[Study material Boundary: Start]

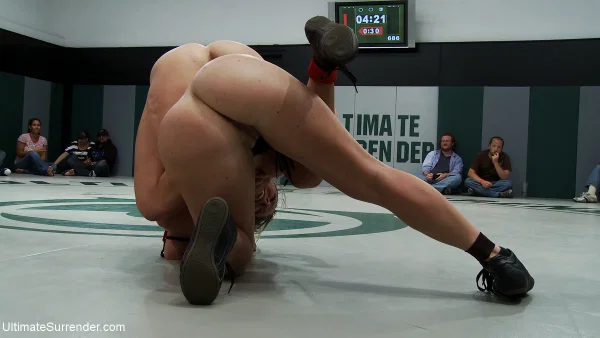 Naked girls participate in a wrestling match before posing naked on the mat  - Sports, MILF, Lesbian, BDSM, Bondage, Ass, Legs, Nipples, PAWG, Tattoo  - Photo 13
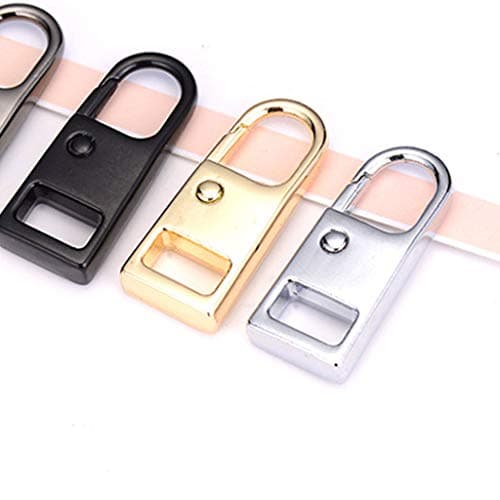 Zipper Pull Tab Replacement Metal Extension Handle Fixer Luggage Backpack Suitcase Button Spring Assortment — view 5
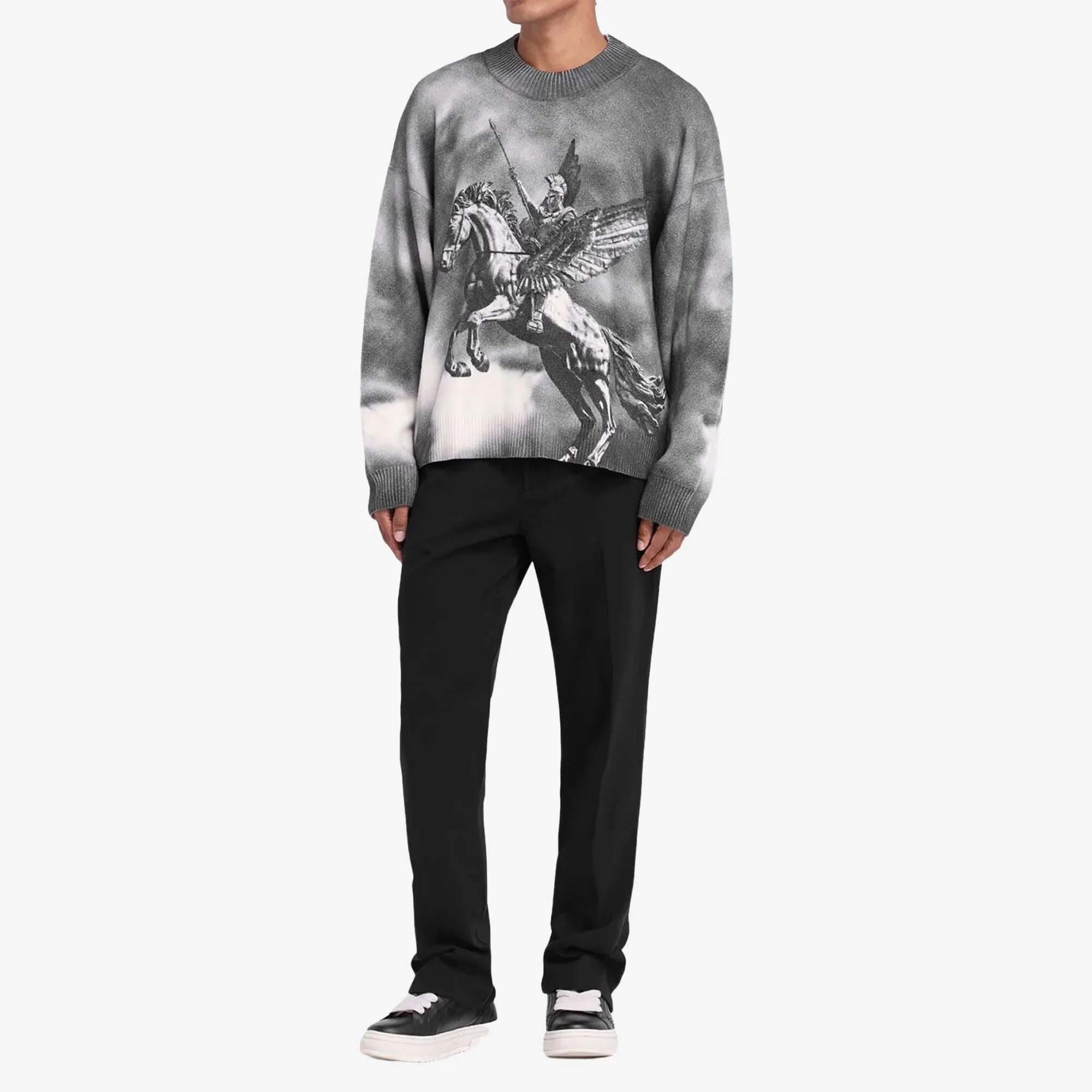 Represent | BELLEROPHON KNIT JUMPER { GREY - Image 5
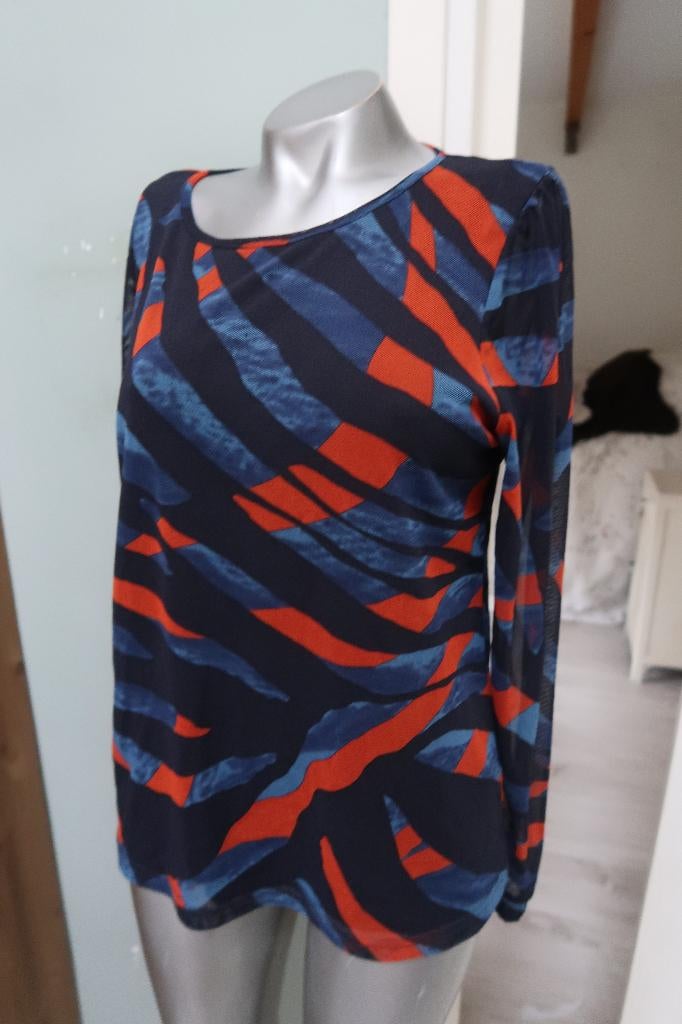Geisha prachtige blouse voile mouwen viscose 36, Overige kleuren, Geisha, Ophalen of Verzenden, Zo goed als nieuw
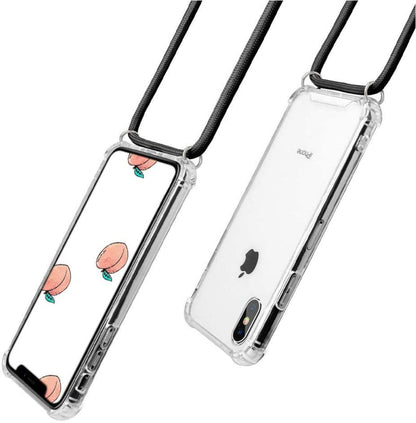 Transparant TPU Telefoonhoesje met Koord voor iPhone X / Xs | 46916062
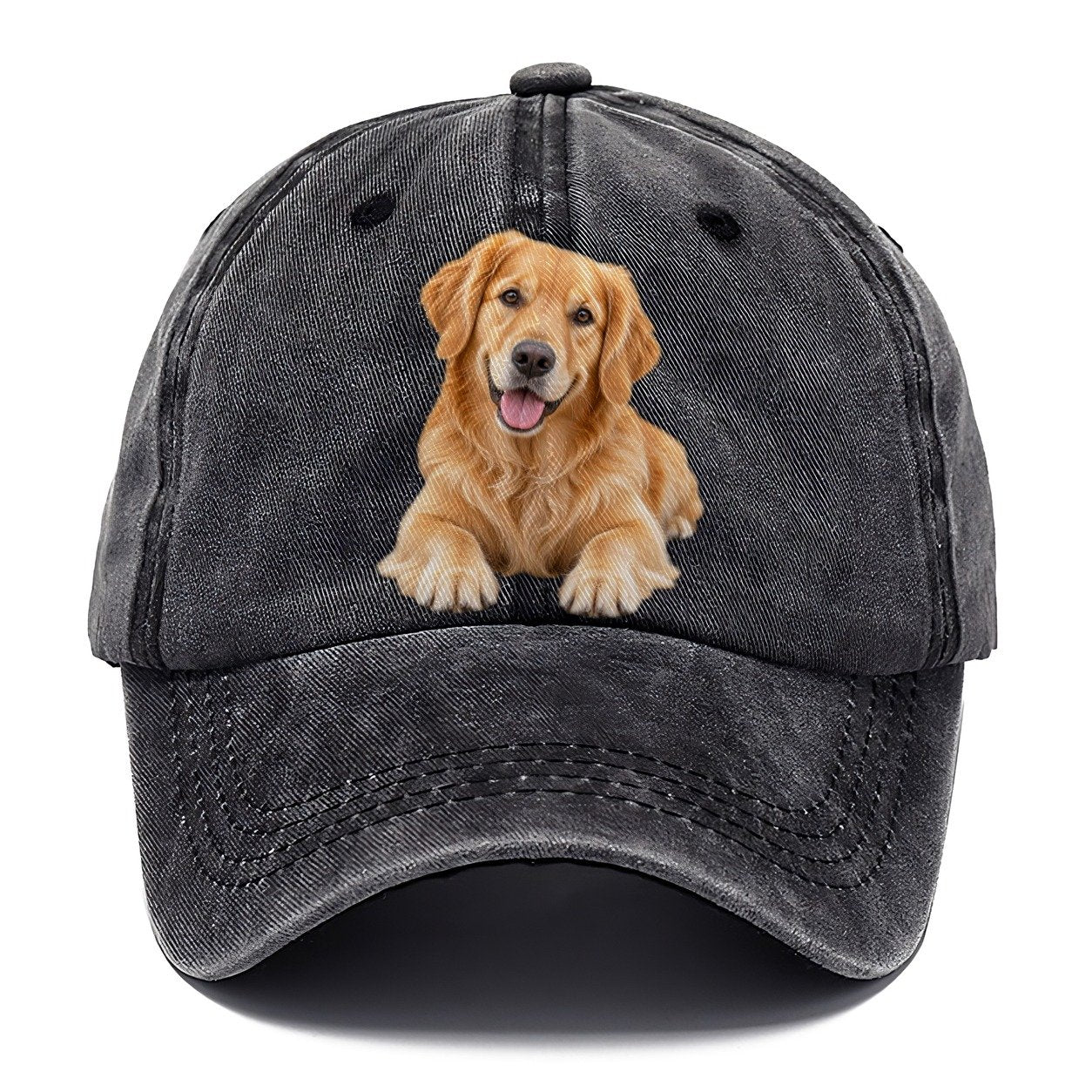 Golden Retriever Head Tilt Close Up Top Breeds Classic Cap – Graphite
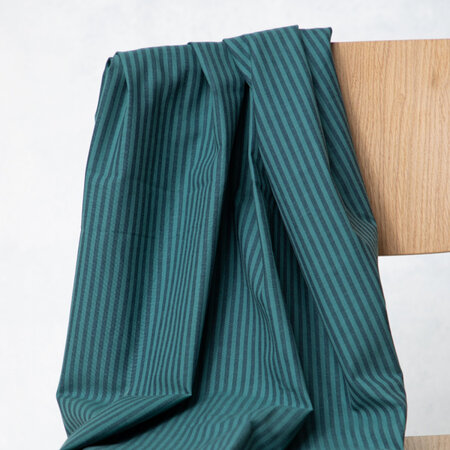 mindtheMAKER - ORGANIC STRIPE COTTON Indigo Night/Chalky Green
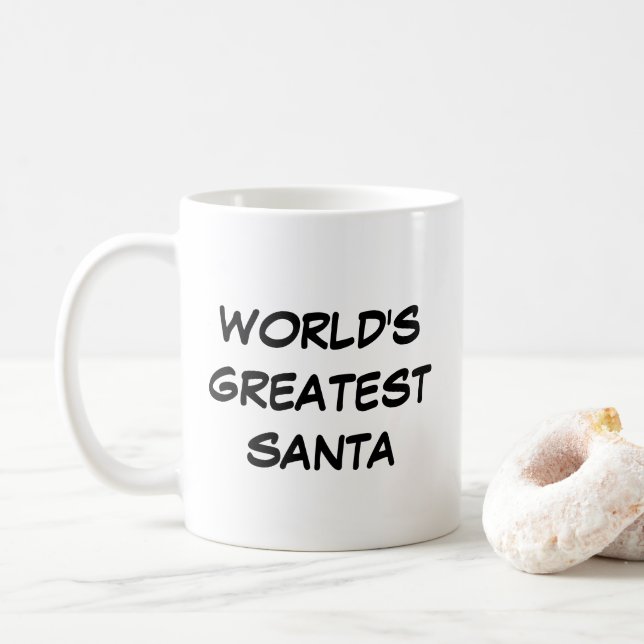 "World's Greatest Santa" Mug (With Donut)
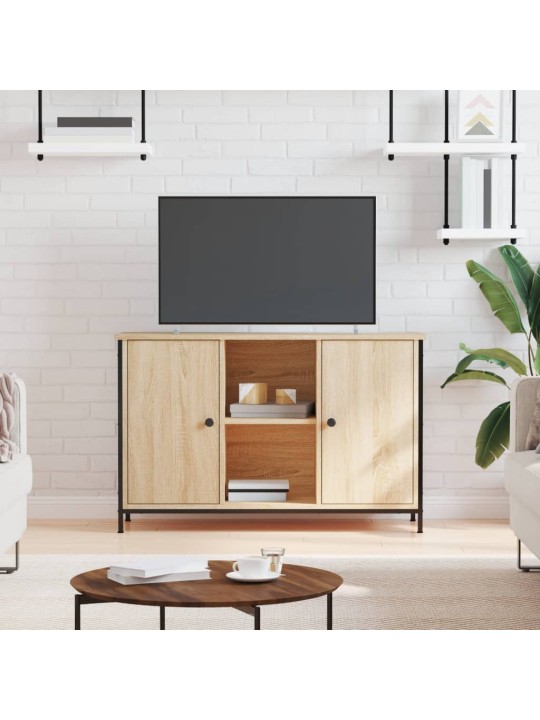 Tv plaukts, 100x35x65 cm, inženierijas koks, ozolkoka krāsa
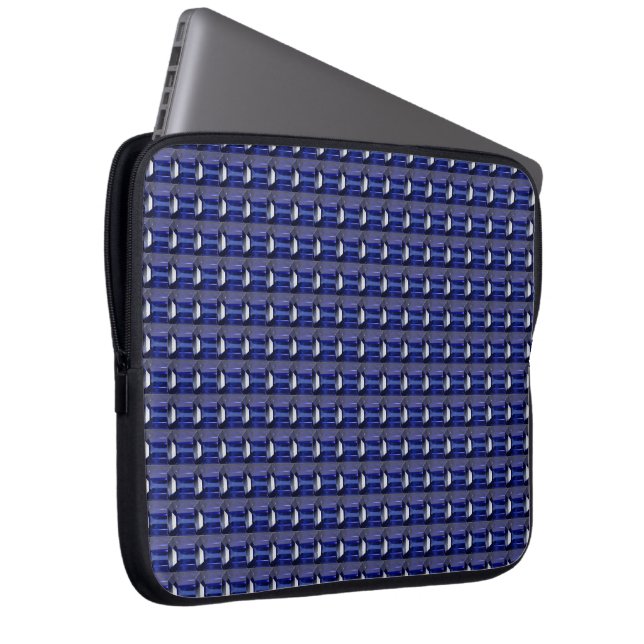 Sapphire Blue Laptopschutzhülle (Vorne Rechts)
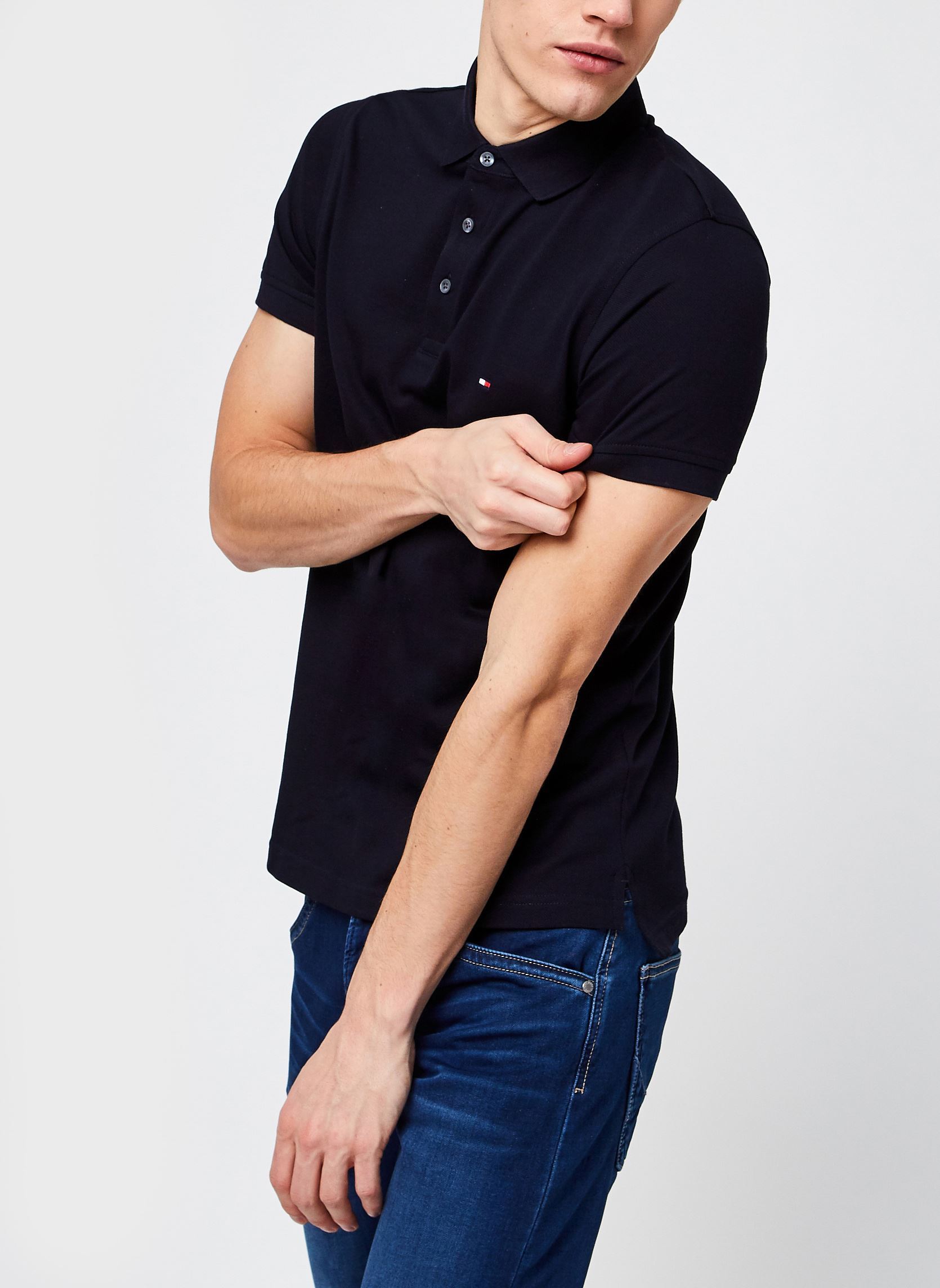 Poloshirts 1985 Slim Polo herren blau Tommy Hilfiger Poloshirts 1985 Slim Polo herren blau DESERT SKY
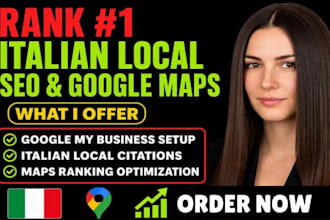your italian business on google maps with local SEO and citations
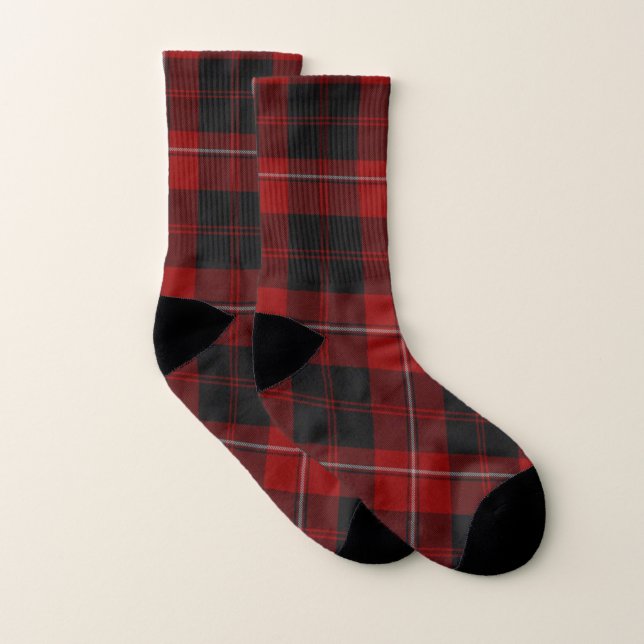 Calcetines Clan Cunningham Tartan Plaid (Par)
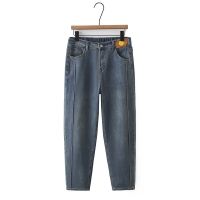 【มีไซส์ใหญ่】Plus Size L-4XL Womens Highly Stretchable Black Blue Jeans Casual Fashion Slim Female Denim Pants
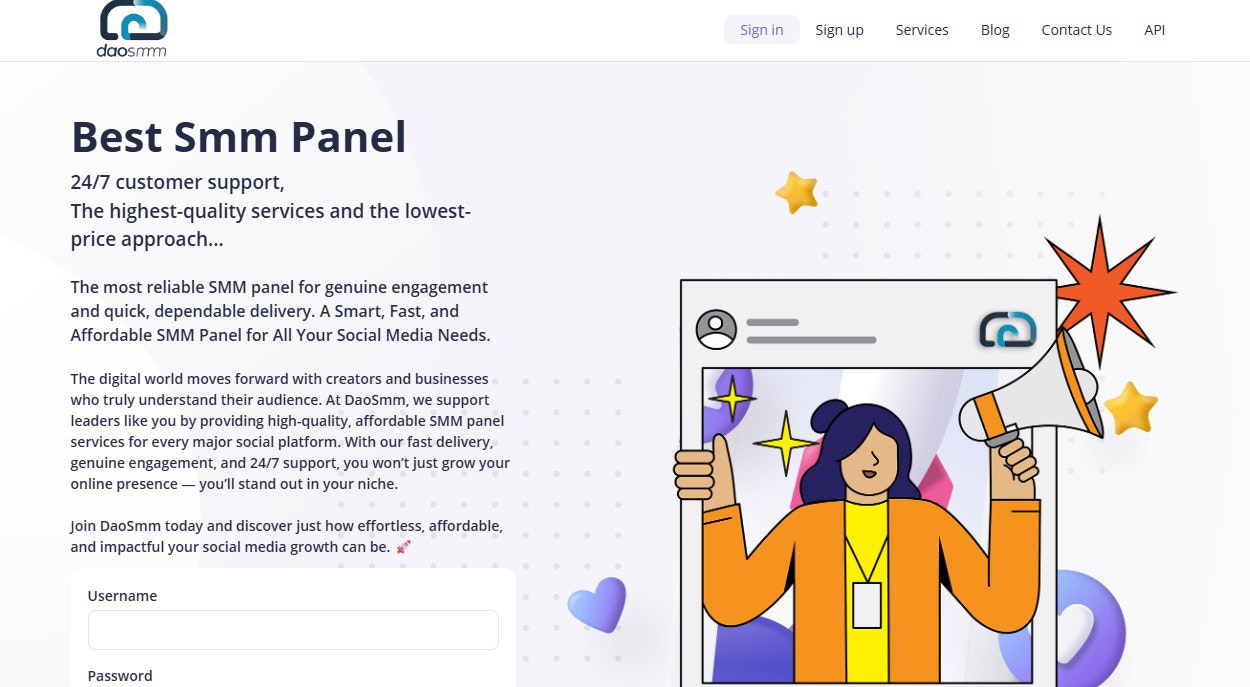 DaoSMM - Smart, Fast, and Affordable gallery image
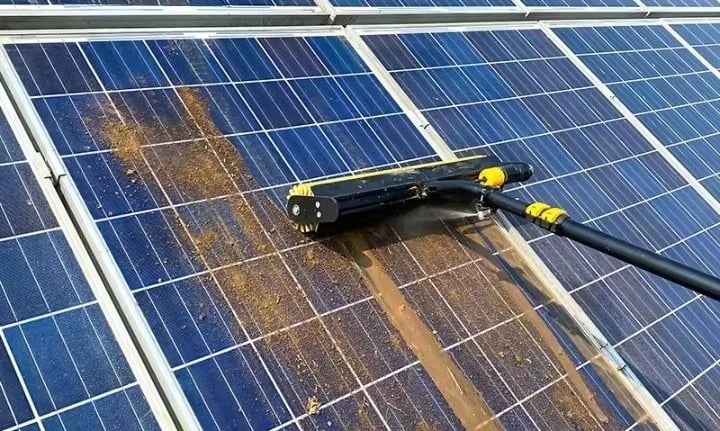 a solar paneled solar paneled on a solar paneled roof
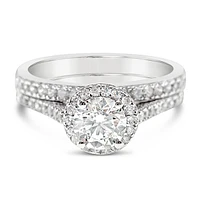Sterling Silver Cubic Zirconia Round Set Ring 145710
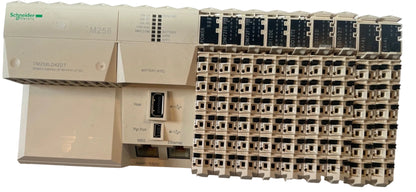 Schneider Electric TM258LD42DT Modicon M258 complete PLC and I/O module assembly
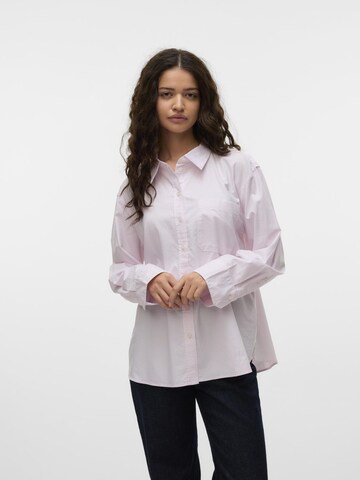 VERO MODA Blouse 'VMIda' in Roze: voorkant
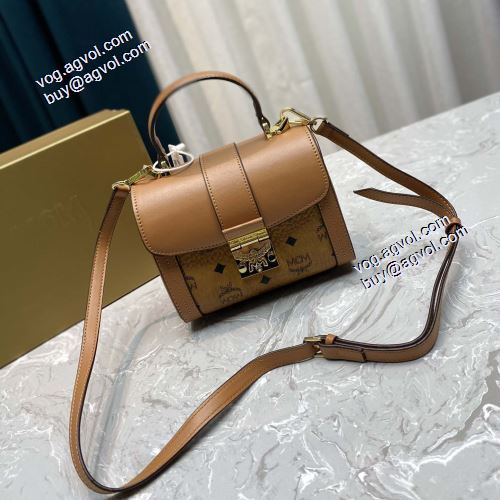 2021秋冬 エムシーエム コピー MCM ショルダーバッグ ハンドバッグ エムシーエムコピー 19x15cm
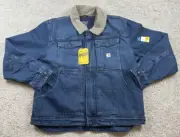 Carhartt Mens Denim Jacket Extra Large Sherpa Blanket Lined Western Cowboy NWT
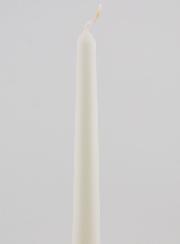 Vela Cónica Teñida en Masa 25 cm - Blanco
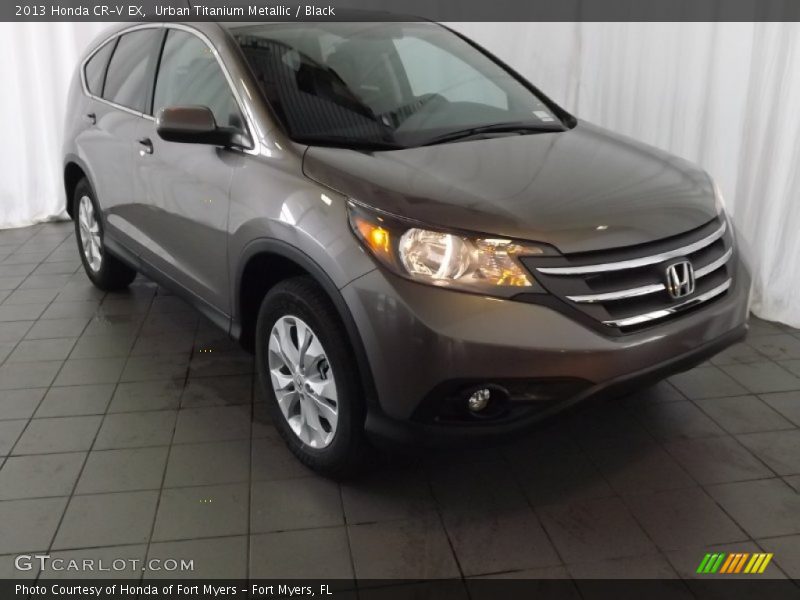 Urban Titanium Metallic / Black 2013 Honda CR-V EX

[Study material Boundary: End]

■ **Problem to solve**: Leaving out the pictures, restate the listing above exactly.

■ **Answer box**:
 Naked girls participate in a wrestling match before posing naked on the mat  - Sports, MILF, Lesbian, BDSM, Bondage, Ass, Legs, Nipples, PAWG, Tattoo  - Photo 13
 Zipper Pull Tab Replacement Metal Extension Handle Fixer Luggage Backpack Suitcase Button Spring Assortment — view 5
 Represent | BELLEROPHON KNIT JUMPER { GREY - Image 5
Geisha prachtige blouse voile mouwen viscose 36, Overige kleuren, Geisha, Ophalen of Verzenden, Zo goed als nieuw
 Transparant TPU Telefoonhoesje met Koord voor iPhone X / Xs | 46916062
 Golden Retriever Head Tilt Close Up Top Breeds Classic Cap – Graphite
 mindtheMAKER - ORGANIC STRIPE COTTON Indigo Night/Chalky Green
 "World's Greatest Santa" Mug (With Donut)
 Tv plaukts, 100x35x65 cm, inženierijas koks, ozolkoka krāsa
 Sapphire Blue Laptopschutzhülle (Vorne Rechts)
 Poloshirts 1985 Slim Polo herren blau Tommy Hilfiger Poloshirts 1985 Slim Polo herren blau DESERT SKY
your italian business on google maps with local SEO and citations
 Calcetines Clan Cunningham Tartan Plaid (Par)
 【มีไซส์ใหญ่】Plus Size L-4XL Womens Highly Stretchable Black Blue Jeans Casual Fashion Slim Female Denim Pants
 DaoSMM - Smart, Fast, and Affordable gallery image
 a solar paneled solar paneled on a solar paneled roof
Sterling Silver Cubic Zirconia Round Set Ring 145710
 Schneider Electric TM258LD42DT Modicon M258 complete PLC and I/O module assembly
 VERO MODA Blouse 'VMIda' in Roze: voorkant
 2021秋冬 エムシーエム コピー MCM ショルダーバッグ ハンドバッグ エムシーエムコピー 19x15cm
 Carhartt Mens Denim Jacket Extra Large Sherpa Blanket Lined Western Cowboy NWT
 Vela Cónica Teñida en Masa 25 cm - Blanco
 Urban Titanium Metallic / Black 2013 Honda CR-V EX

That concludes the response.